Assignment :: Line count for "floors": state how many lines of the data below include it, and output nothing more.

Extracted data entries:
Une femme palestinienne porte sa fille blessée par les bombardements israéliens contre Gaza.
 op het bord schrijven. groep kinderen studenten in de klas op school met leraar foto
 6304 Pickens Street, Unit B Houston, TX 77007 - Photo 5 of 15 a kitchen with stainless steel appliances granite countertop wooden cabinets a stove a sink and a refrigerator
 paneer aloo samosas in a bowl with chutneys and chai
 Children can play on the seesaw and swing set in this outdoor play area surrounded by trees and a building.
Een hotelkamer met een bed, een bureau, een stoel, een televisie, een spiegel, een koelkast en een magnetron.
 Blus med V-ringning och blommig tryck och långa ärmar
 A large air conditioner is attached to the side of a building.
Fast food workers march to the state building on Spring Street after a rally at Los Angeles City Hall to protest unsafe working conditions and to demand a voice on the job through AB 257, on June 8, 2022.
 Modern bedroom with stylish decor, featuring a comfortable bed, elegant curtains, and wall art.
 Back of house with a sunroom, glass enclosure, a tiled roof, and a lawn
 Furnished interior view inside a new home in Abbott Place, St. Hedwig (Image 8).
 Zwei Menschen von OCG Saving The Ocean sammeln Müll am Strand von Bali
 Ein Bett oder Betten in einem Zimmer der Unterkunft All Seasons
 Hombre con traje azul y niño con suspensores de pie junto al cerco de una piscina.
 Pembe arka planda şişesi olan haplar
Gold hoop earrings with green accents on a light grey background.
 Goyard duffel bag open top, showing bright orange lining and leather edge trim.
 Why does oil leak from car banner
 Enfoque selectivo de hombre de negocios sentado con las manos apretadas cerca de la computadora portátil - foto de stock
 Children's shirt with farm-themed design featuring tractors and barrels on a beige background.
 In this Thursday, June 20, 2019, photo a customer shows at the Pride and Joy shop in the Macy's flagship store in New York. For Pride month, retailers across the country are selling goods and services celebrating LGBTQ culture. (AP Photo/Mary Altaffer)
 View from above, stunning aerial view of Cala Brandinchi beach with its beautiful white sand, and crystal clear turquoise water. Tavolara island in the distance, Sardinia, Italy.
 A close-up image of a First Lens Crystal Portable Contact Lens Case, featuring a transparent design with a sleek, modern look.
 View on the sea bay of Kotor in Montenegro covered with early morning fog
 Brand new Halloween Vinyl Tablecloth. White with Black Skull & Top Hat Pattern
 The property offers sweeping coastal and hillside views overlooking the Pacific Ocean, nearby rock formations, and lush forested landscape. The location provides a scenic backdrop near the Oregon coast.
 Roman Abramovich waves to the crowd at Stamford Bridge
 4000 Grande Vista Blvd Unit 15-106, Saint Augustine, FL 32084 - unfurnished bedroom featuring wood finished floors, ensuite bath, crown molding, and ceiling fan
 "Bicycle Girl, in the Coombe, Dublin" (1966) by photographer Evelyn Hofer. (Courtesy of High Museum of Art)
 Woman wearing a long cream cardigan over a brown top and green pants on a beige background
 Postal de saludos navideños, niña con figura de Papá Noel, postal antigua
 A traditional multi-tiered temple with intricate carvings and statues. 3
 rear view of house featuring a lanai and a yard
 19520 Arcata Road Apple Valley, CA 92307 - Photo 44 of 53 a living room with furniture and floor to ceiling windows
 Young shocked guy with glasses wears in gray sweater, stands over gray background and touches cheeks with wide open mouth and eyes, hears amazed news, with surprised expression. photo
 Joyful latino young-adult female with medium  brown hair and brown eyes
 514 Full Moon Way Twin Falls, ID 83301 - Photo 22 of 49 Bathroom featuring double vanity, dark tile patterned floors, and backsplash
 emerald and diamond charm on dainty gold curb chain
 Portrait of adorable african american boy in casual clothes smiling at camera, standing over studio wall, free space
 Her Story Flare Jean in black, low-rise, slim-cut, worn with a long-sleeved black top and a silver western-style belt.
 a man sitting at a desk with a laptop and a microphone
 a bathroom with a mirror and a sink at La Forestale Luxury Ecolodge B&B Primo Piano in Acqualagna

Your solution :: 2